In New York, doctors will be trained and will help decide what dose and type of marijuana should be used by qualifying patients.
In Vermont, Wallin said that physicians don’t prescribe marijuana. They complete documentation that verifies a patient has a qualifying condition. Patients and dispensaries determine the type and dose used.
In both states, doctors are not compelled to participate.
“We have had on occasion physicians who have had questions about it or they aren't comfortable signing the form, and that’s their prerogative. We can't make them, or compel them to do it,” said Wallin.
“I don’t forget it’s still federal illegally. I make sure we always do what the state tells us to do so we are in compliance,” said Lynn.
Lynn said because medical marijuana is not legal across the country, finding a local bank to work with was a challenge.
He told CBS6 that the license application process to the state was extensive.
“Everything, from the security measures, to the strains you’re going to grow, how you’re going to grow, the locations,” said Wallin. “Background checks, fingerprints, everyone who’s going to be on the board has to have fingerprints, same with the employees.”
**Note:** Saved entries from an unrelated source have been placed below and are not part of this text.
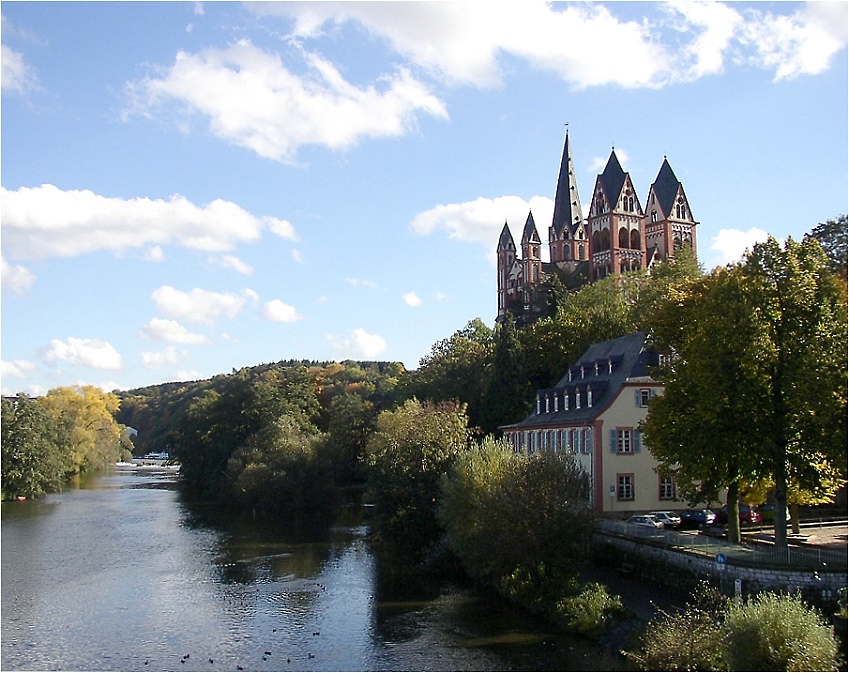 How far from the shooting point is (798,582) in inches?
975

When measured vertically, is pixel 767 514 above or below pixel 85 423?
below

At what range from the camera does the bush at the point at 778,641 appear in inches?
742

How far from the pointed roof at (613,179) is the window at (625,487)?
72.2m

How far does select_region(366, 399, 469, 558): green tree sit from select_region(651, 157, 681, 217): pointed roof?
243 feet

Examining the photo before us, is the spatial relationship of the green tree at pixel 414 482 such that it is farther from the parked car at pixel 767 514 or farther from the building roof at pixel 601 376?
the parked car at pixel 767 514

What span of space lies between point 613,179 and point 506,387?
185 feet

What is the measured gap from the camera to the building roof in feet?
134

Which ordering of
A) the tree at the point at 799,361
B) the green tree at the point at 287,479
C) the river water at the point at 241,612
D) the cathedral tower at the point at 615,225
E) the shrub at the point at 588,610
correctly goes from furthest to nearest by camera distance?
Result: the cathedral tower at the point at 615,225 → the green tree at the point at 287,479 → the tree at the point at 799,361 → the shrub at the point at 588,610 → the river water at the point at 241,612

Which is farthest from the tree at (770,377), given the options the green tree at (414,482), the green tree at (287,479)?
the green tree at (287,479)

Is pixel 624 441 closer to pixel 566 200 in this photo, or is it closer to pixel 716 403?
pixel 716 403

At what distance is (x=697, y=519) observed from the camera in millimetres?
37375

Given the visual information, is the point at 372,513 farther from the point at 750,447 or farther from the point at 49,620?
the point at 750,447

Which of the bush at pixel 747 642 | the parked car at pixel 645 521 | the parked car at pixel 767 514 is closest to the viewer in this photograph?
the bush at pixel 747 642

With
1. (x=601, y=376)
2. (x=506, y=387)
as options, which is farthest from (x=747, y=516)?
(x=506, y=387) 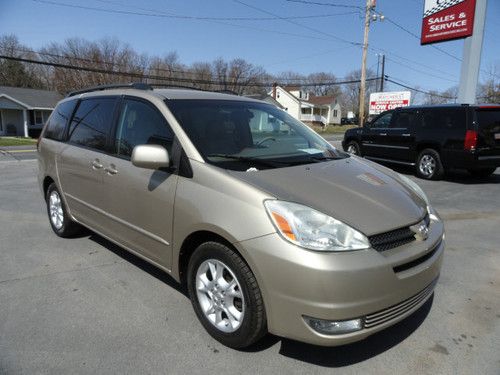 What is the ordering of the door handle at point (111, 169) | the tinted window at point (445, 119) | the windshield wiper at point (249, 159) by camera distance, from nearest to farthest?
the windshield wiper at point (249, 159)
the door handle at point (111, 169)
the tinted window at point (445, 119)

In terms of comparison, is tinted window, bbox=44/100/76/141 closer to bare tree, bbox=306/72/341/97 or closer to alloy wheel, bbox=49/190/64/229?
alloy wheel, bbox=49/190/64/229

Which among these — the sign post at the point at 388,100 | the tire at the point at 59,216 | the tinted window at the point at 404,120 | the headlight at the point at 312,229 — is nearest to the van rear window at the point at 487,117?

He said he doesn't know of anyone who has abused the program, but he said they keep an eye out for big changes in patient purchases. And he tries to set prices at a level that discourages resale on the street.
“We don't want that kind of diversion happening so that is a factor in how we price things,” Lynn said.
Lynn said that prices can range from $8 for a cookie to $400 for an ounce of medical marijuana that can be smoked. In New York, smoking will not be allowed. In both states, insurance is not required to cover the drug, so patients, like Lentine, pay out of pocket.